US national debt nears $31T: What it means and why it’s a concern
The U.S. national debt is steadily approaching $31 trillion, according to the data released Friday by the Treasury Department.
The federal government’s total public debt outstanding sits at about $30.9 trillion as of Friday, with roughly $24.3 trillion of it being held by the public and $6.6 trillion in intragovernmental holdings, which include federal trust funds and other accounts. The U.S. national debt previously hit a milestone in February 2022, when it surpassed $30 trillion for the first time.
The national debt is the “accumulation” of the federal government borrowing money by selling marketable securities to pay its deficits and the “associated interest owed to the investors who purchased these securities,” according to the Treasury Department.

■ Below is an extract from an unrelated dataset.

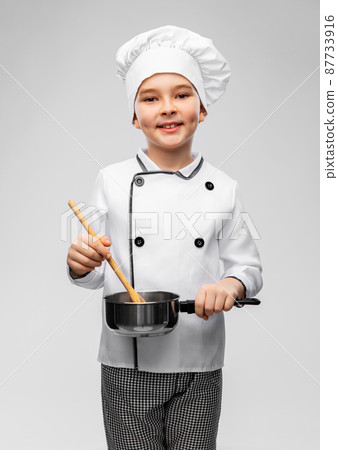boy in chef's toque with saucepan cooking food boy in chef's toque with saucepan cooking food 87733916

A deficit occurs when the government spends more than it collects in revenues in a given fiscal year. The national debt gets larger as the U.S. racks up more deficits, the Treasury Department said.

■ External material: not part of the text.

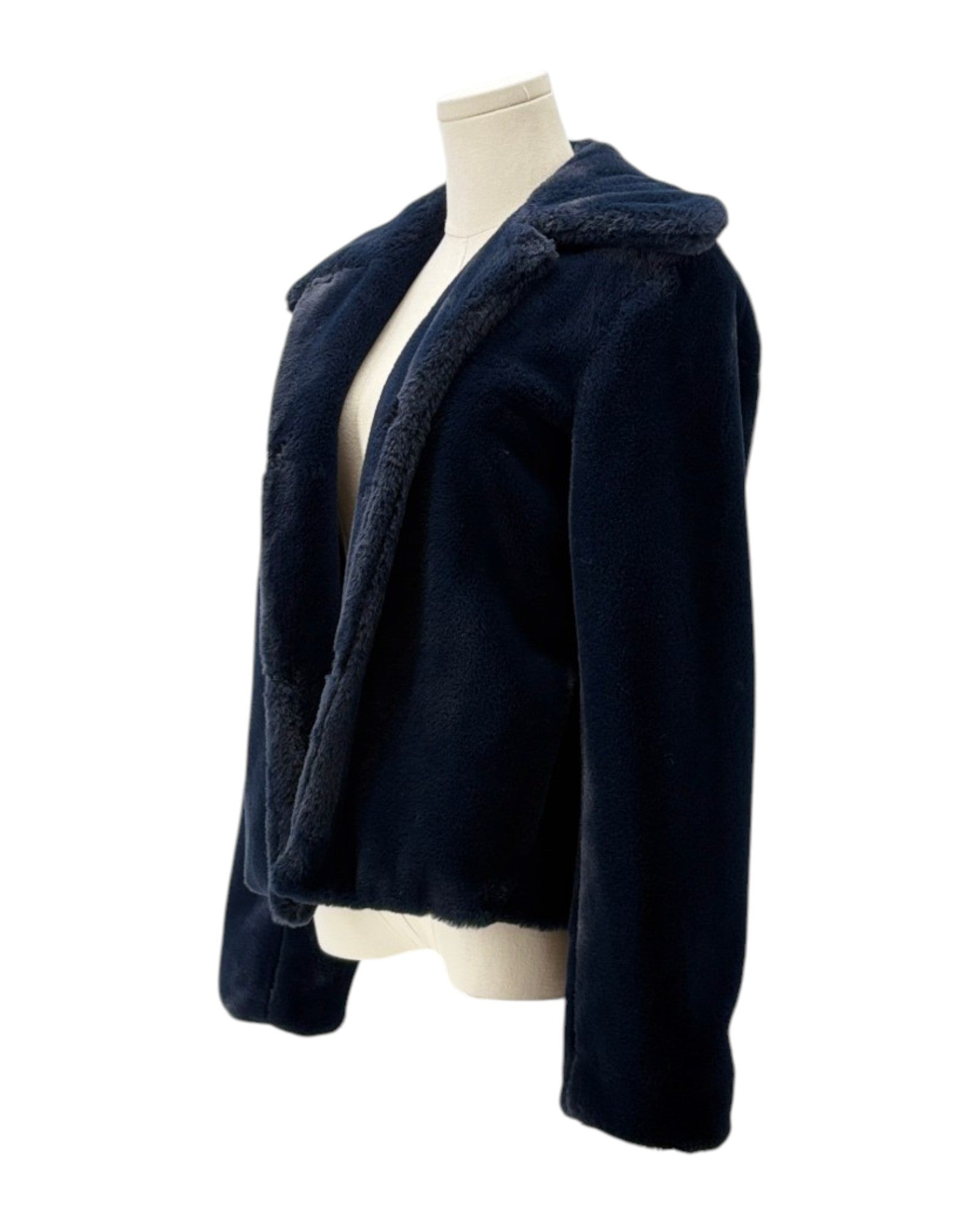 Navy blue fleece jacket on a mannequin against a white background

The Congressional Budget Office (CBO) warned in its latest long-term budget outlook that the rising debt could have ramifications for the U.S. economy.

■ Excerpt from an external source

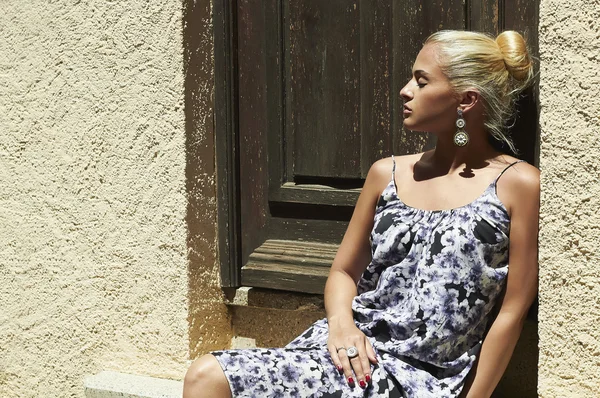 Beautiful blond woman near old wooden door.beauty girl in colored dress.old house.summer — Stock Photo, Image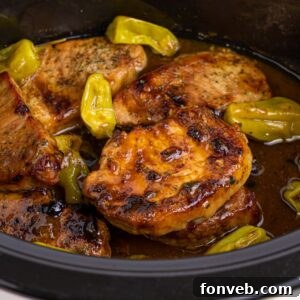 Crock Pot Mississippi Pork Chops in a crock pot with peppers on top of pork chops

Debt that is high and rising as a percentage of gross domestic product (GDP) would “raise borrowing costs throughout the economy, reduce private investment, and slow the growth of economic output over time,” the CBO said in its July report. Increased interest costs related to the debt would “drive up interest payments to foreign holders of U.S. debt, decreasing the nation’s net international income,” the agency added.
With “persistently rising” debt, investors could lose confidence in the federal government’s ability to pay off its debt, which could result in interest rates or inflation suddenly rising, according to the CBO.
The CBO said other potential risks include creating widespread expectations of higher inflation, reducing confidence in the U.S. dollar or making securing financing for public and private activities in foreign markets more challenging. It could “cause lawmakers to feel more constrained in their policy choices” as well, according to the agency.
The federal debt could rise to 185% of GDP in 30 years, the agency projected in its report.